I believe that we had this reverse-engineer discussion during the license change and that the majority opinion was that the above is self-evident; using produced works to re-combine them into a database will automatically lead to ODbL, no matter if we explicitly say it or not. (Examples were discussed where you'd use a black-and-white bitmap tile - produced work - to trace roads off of.) However I believe that for the sake of clarity we should explicitly state this, lest people think they can essentially build an address database out of OSM Geocoding Results and keep it proprietary.

The Failover Issue and Publishing Derived Datasets

Example 7 glosses over a point that has been raised for example by Steve Coast in the past: are failed geocoding results really free of OSM intellectual property? For clarity: we are not discussing on the fly gecoding as there is no database created and nothing to share.

I don't believe there is a clear and conclusive answer to the above and there is a certain danger of getting in to "how many angels can dance on the head of a pin" type of discussions, so I believe that it boils down to: with what is the OSM community happy? Naturally with the backdrop of the ODbL in mind.

I suggest something very simple: that the set of failed addresses (or more general: input data) should be shared with the OSM community.

Now you might ask why would we be interested in failed addresses? On the one hand these can be mined, just as the successfully geocoded ones, for additional information, for example for house number -> post codes relationships and on the other hand the list of failed addresses is obviously helpful for quality assurance.

And I believe that this, particularly the later point, creates a win-win situation for the organisation doing the geocoding and for OSM. The win for the geocoding organisation is that more of its addresses will be found in OSM and the reliance on third party datasets will be reduced.

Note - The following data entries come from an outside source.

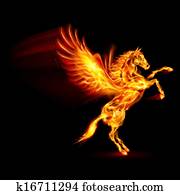 feuer, pegasus. feuer, pegasus.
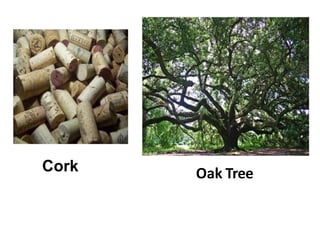 Cork Oak Tree
 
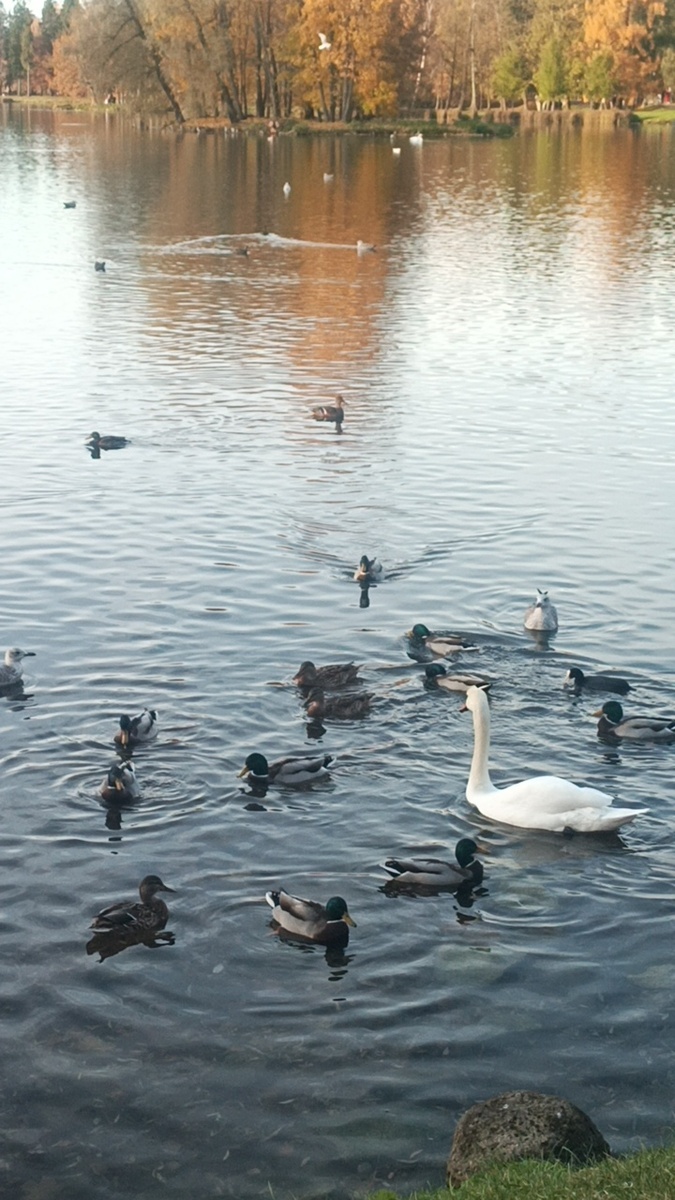 Фото автора. Прогулка по осеннему парку.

Now assuming that a consensus forms around the above, there is still a slightly touchy issue in that companies may not want to be identified as the source of specific addresses. To resolve this I propose providing a facility by which such input datasets can be provided to the community and published anonymously (there is at least one system in existence that could simply be cloned to provide this facility). Note: all of the above only applies to datasets that are being publicly used so there can't be an expectation of a high level of data privacy to start with.